Eventually, Shaw found her way into Beckett’s black humor—through their similar class backgrounds. “My mother was my key in. The comedy has to do with people who live in cities in Ireland, rather than the country. It’s the wit of the privileged, of the city folk.” It’s a rapid urban wit that she is eager to test on New York: “New York audiences are quick verbally—that New York wit you all have that is so quick and wonderful to play to. The audience members charge each other. It’s a privilege to play New York. I’ve performed the play around the world, but it’s mostly been to a lot of Europeans with a lot of surtitles.”
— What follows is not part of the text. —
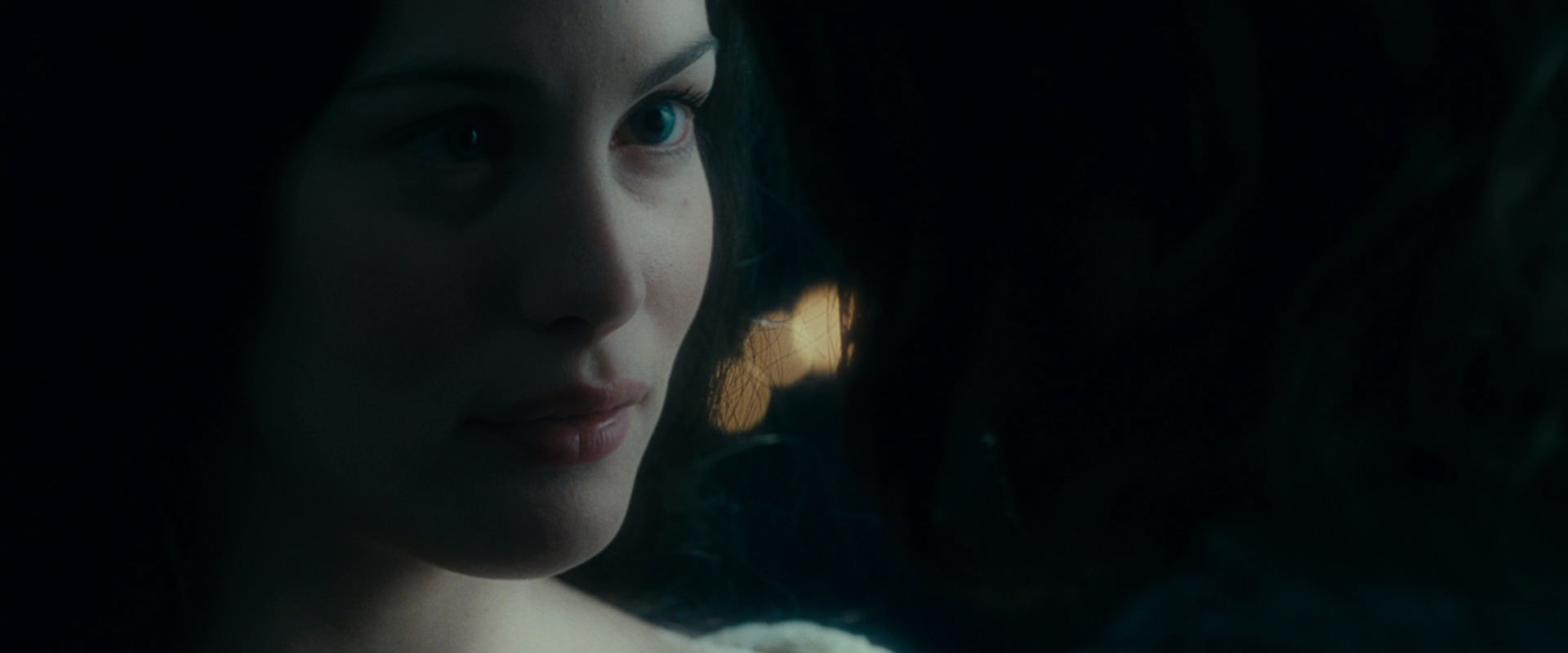 The Lord of the Rings: The Fellowship of the Ring (2001) HD screenshot 11393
Shaw, 49, had another mental block on playing the role—“I felt too young to play it.” She finally found a counterintuitive way to get into character as a middle-aged housewife: “I based it on a woman in London who is the most successful publisher. She isn’t Winnie, but she is who Winnie would like to be—this socialite, very beautiful and successful. By taking Winnie into the positive, it places her in the center of a universe that is much larger than just suburban Dublin.” Was this publisher a witting muse? “She was. I told her about it. She came to the play—I think she was shocked. That she has an alter ego buried up to her neck.”
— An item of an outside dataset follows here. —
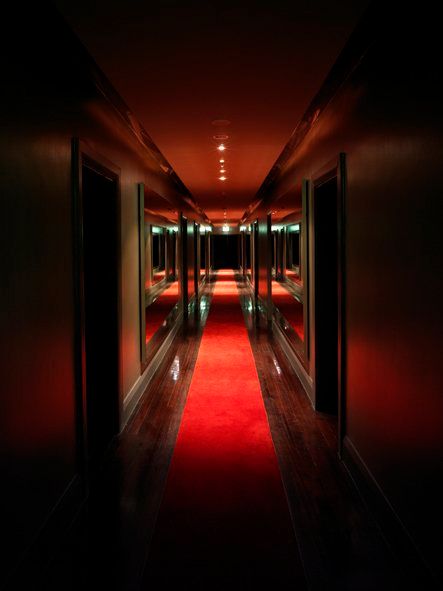 The Kirketon Hotel - Tourism Canberra 1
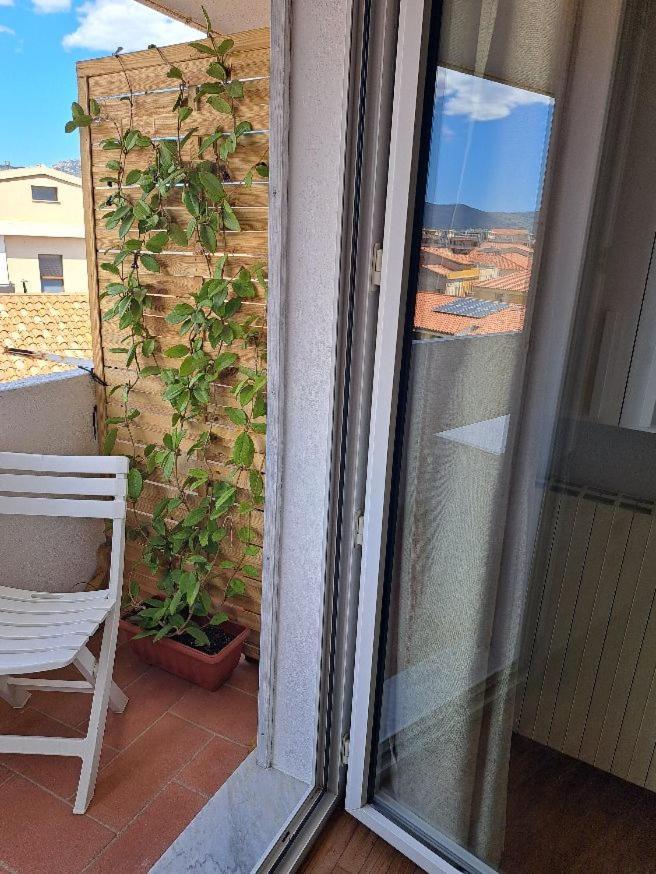 Il Profumo Di Ginestre Bed and Breakfast Olbia Eksteriør billede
Shaw learned to shed her initial disdain for Winnie. “She is very excited about what is immediate. And so is the audience, waiting to hear what she will say next. She launches into the next thing and can’t remember what came before it. It’s almost like the overstimulated modern mind is being met—that memory is falling away—and we all need to be forgiven for that.” And she considers the audience the play’s third character. “The audience hear Beckett in the play more than the actors do. It is like a very deep gong in the people’s mind. The audience is running the evening, because their eye, their ear, is taking in something desperate. Beckett manages to make it palatable. It is very funny, but also very upsetting. Often we find that half of the audience is laughing, and the other half isn’t. Some people panic at the sight of the woman, it’s so claustrophobic. In one way, it’s an installation piece as much as it is a performance.”

Photo: Koos Breukel

Warner echoes Shaw’s notion of a participatory audience but turns to a different metaphor: “It’s a scripted but, in feel, improvised chat between Winnie and the audience. It has the quality of improvised jazz. Beckett’s taking us to a place almost beyond language. That’s why it’s modern. The silence has to be full and complex and different each time.”
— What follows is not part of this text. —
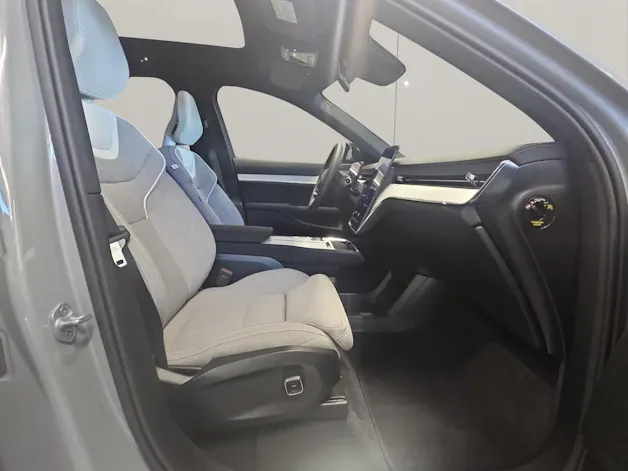 Volvo EX90 Twin Performance Ultra AWD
Shaw now finds herself in thrall to the grim beauty of Winnie’s monologue, which she describes as “the aria of the person who is stuck but is not bitter. These are wonderful moments when someone strokes eternity into the moment. I’ve always thought Beckett is the very end of modern writing. There’s no God, there’s no romance. And yet there is immense love in it for humanity. He is releasing tenderness on the audience.”

She also faces the irony of hearing her own original skepticism that Winnie is a dull homemaker thrown back at her by critics, the most vicious of whom have declared her Happy Days as tedious as listening to gossip at “the local chipper.”

To such naysayers, Shaw responds with the zeal of a convert. “This is beautifully crafted—it works surprising magic. If I thought it were only the jabberings of some housewife, I wouldn’t do it. Art is art. Chat in a queue is chat in a queue.

“Soup is not art.”

BACKSTORY
An acclaimed lead onstage, Fiona Shaw is also a formidable character actress in film. Her credits straddle the high-low divide, from dramatic fare like My Left Foot and Mountains of the Moon to box-office confections like 3 Men and a Little Lady and Super Mario Bros. Since 2001, she has been universally famous as Harry Potter’s harridan aunt Petunia Dursley—the Über-muggle who despises Harry for his magical powers and forces the boy wizard to sleep under the staircase in a cupboard.

Happy Days
Directed by Deborah Warner. BAM. Through February 2.